Vertex vs Fragment Shaders in the Graphics Pipeline


Shaders are small programs that run on the GPU as part of drawing a scene. Some decide where geometry appears on screen, while others decide what that geometry looks like once it is drawn. The first useful distinction in that process is between vertex shaders and fragment shaders. A vertex shader runs once for each vertex in your mesh, while a fragment shader runs for the fragments generated inside the triangle coverage on screen, roughly one per covered pixel sample. Those two stages do different jobs and run at very different rates, which explains much of the behavior, cost, and visual output you see in real-time rendering.

This article builds a concrete model of where each stage runs, what data it reads, and what data it produces. It starts with the vertex-versus-fragment split because that is the foundation for the rest of the graphics pipeline. Later, once that baseline is clear, we place geometry, tessellation, and compute shaders in context.

Pipeline Position and Data Flow

Most real-time 3D engines follow a rasterization pipeline, meaning they start with triangle data and turn it into the 2D image you see on screen. In that process, vertices enter first, then become primitives such as triangles, then rasterization converts those triangles into fragments, and finally the surviving results are written into the framebuffer, which is the image buffer holding the current frame before it is displayed. So the most important question is: what does each stage receive as input?

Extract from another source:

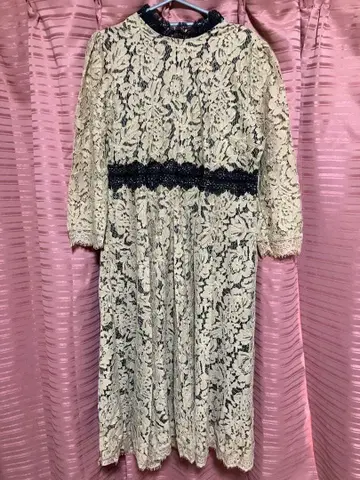미사용 베이지와 블랙의 전체 레이스 원피스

  • Vertex shader input: one vertex at a time (position, normal, UV, tangents, custom attributes)
  • Vertex shader output: transformed clip-space position plus per-vertex values that will be smoothly interpolated across the triangle, such as color, normals, or UVs
  • Fragment shader input: those interpolated values for each fragment plus textures, uniforms, and material parameters
  • Fragment shader output: one or more color/depth values written to render targets

Drag the triangle corners and switch focus between the stages. The main comparison is the important one: a single primitive triggers only a few vertex shader invocations, but can expand into many fragment shader invocations once it covers screen space. The optional-stage view then shows where tessellation, geometry, and compute fit relative to that main path.

In the optional-stage view, tessellation and geometry should both be understood as extra processing that happens before rasterization, not between rasterization and the fragment shader. Compute shaders are separate again: they are GPU programs, but they do not sit on this triangle-to-fragment path at all.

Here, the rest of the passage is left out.